- Your task -
Print nothing except the lines of the listing below from the line with "Kuzco Lighting WS83427-BK" to the line with "First baseman Scott", each exactly as written, both ends included.

- Source information -
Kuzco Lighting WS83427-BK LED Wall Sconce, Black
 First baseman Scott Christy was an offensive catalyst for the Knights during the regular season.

==

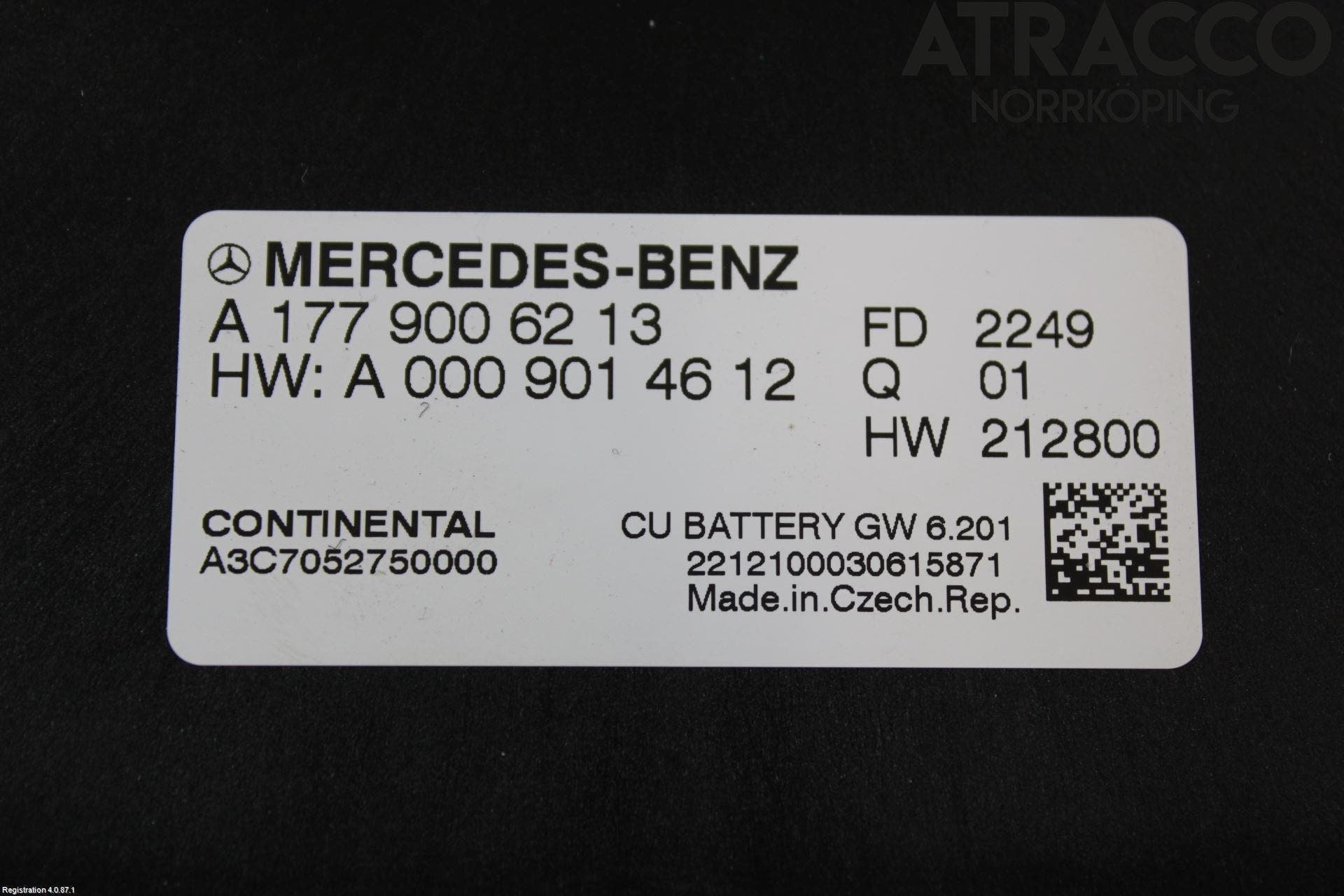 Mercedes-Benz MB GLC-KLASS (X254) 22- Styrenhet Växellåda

- Solution to the exercise -
Kuzco Lighting WS83427-BK LED Wall Sconce, Black
 First baseman Scott Christy was an offensive catalyst for the Knights during the regular season.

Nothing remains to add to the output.